→ DESCRIPTION OF THE TASK: The answer must be an exact copy of the lines from the one containing "良信股份(002706.SZ)：累计回购1.6873%公司股份" through the last line of the records, with no pictures.

(Pictures with short captions)
"""
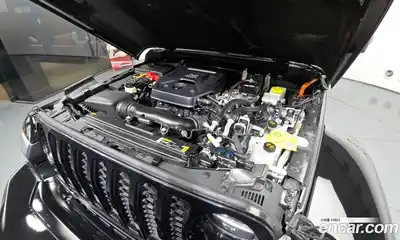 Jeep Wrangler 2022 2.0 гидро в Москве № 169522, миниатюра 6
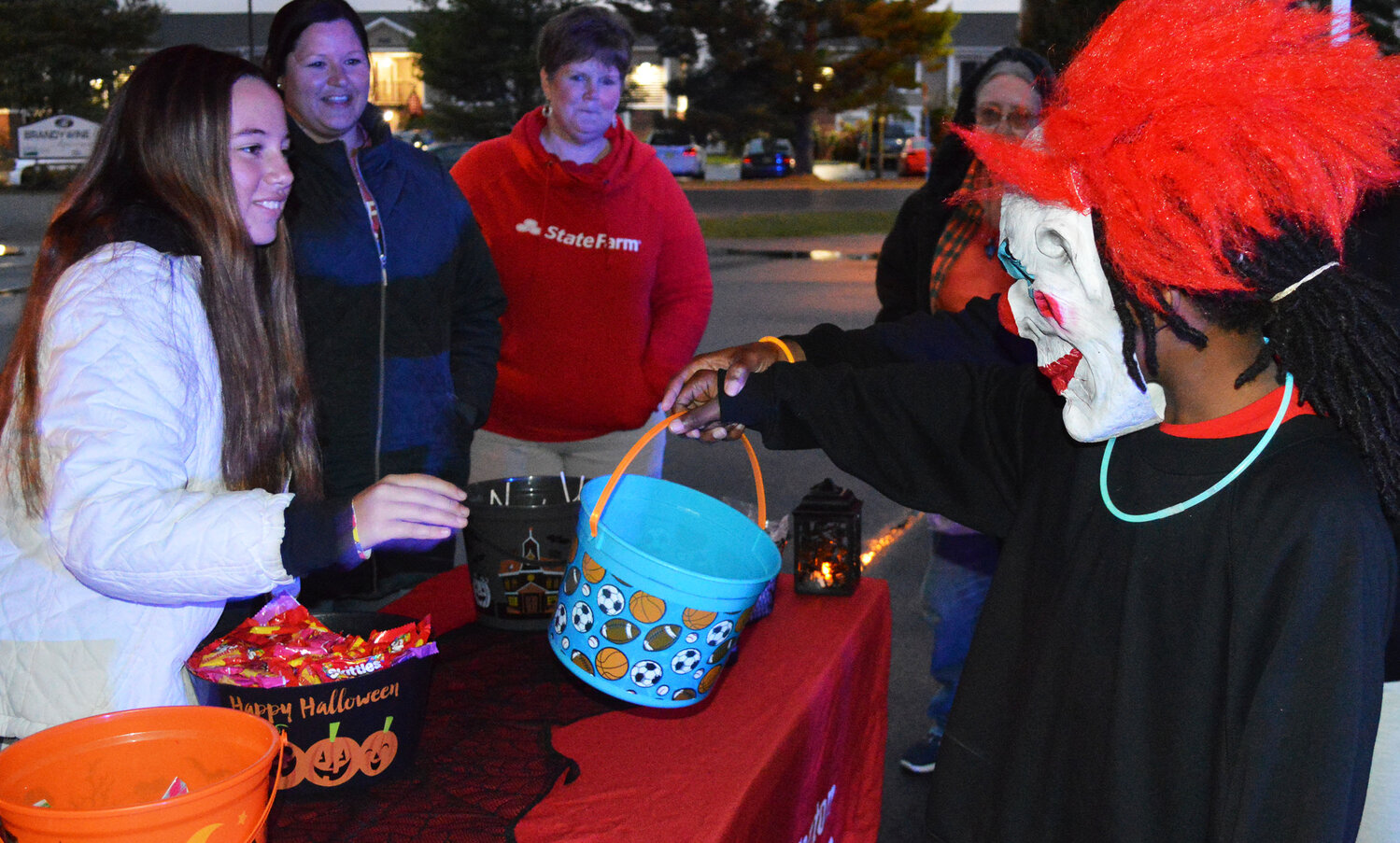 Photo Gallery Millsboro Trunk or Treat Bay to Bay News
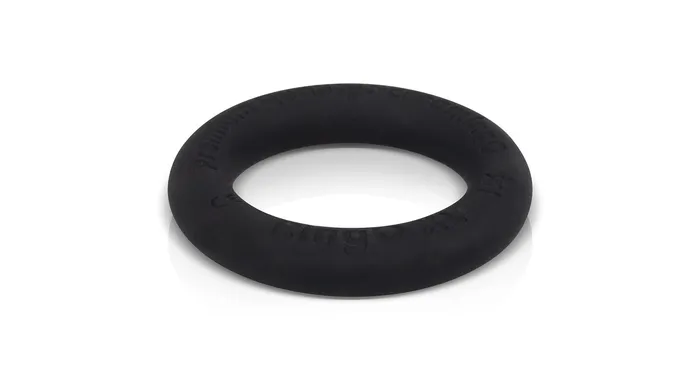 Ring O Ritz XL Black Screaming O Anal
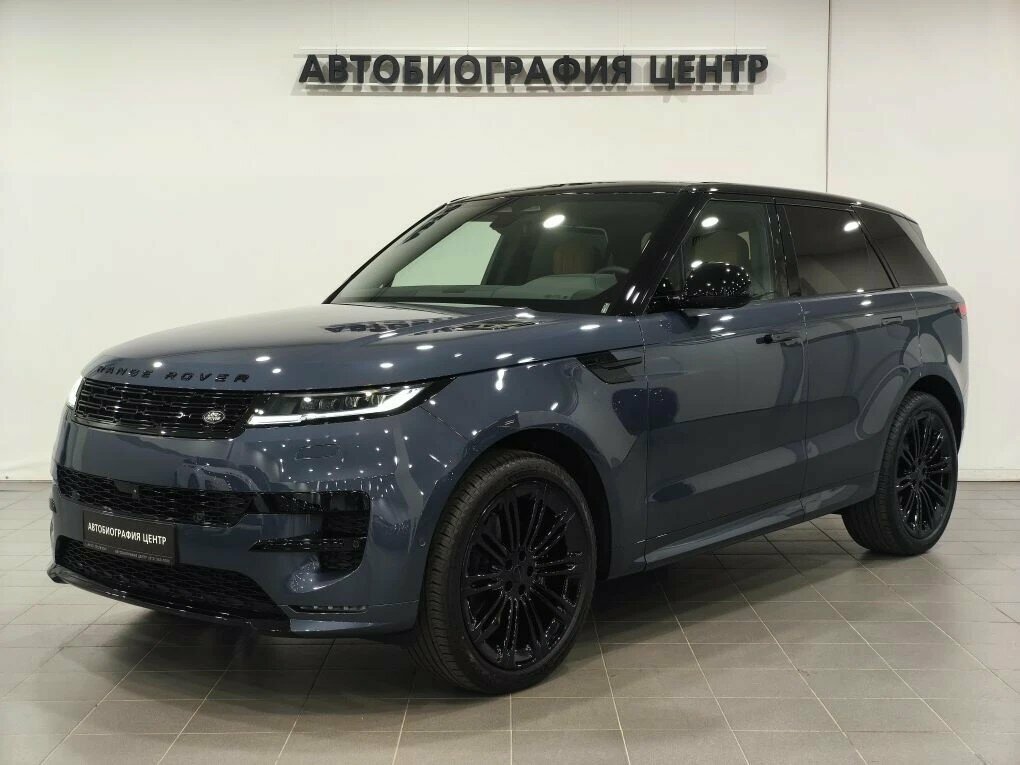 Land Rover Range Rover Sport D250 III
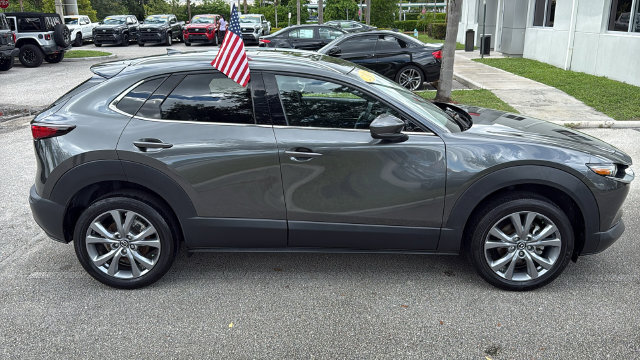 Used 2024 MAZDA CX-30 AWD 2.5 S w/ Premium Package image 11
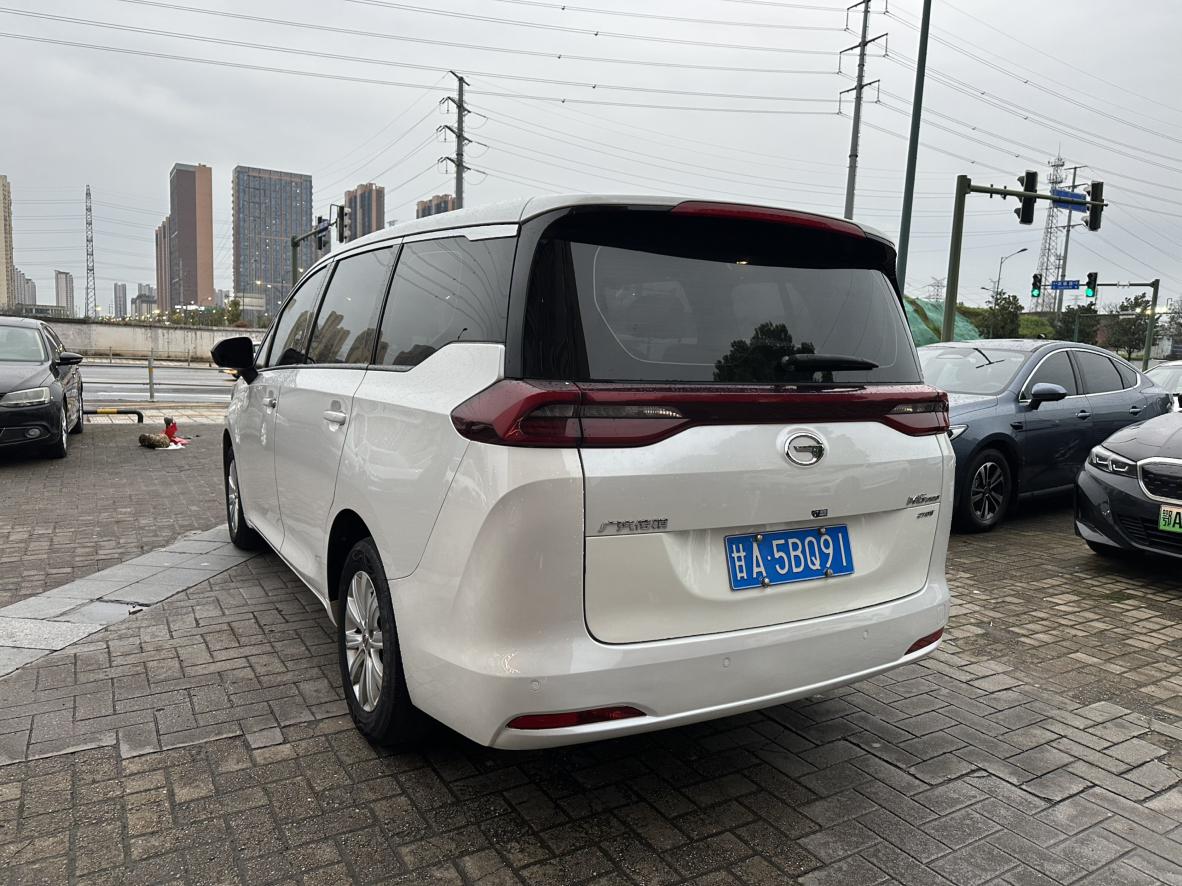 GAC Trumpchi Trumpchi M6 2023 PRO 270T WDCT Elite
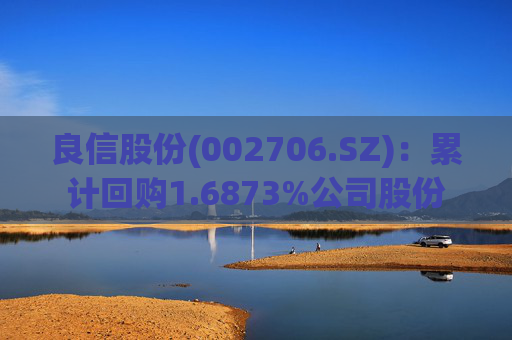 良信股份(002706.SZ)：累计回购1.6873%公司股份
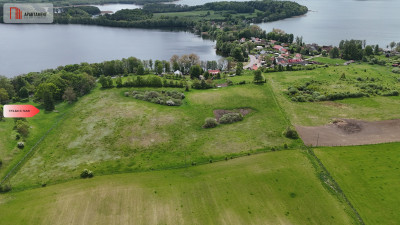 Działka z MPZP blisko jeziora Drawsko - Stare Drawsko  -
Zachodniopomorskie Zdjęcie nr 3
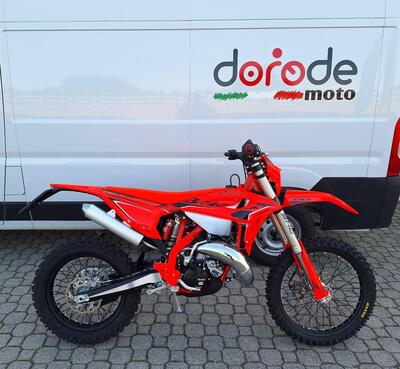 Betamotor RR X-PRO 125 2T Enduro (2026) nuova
"""
→ TASK RESULT:
 良信股份(002706.SZ)：累计回购1.6873%公司股份
 Działka z MPZP blisko jeziora Drawsko - Stare Drawsko  -
Zachodniopomorskie Zdjęcie nr 3
 Betamotor RR X-PRO 125 2T Enduro (2026) nuova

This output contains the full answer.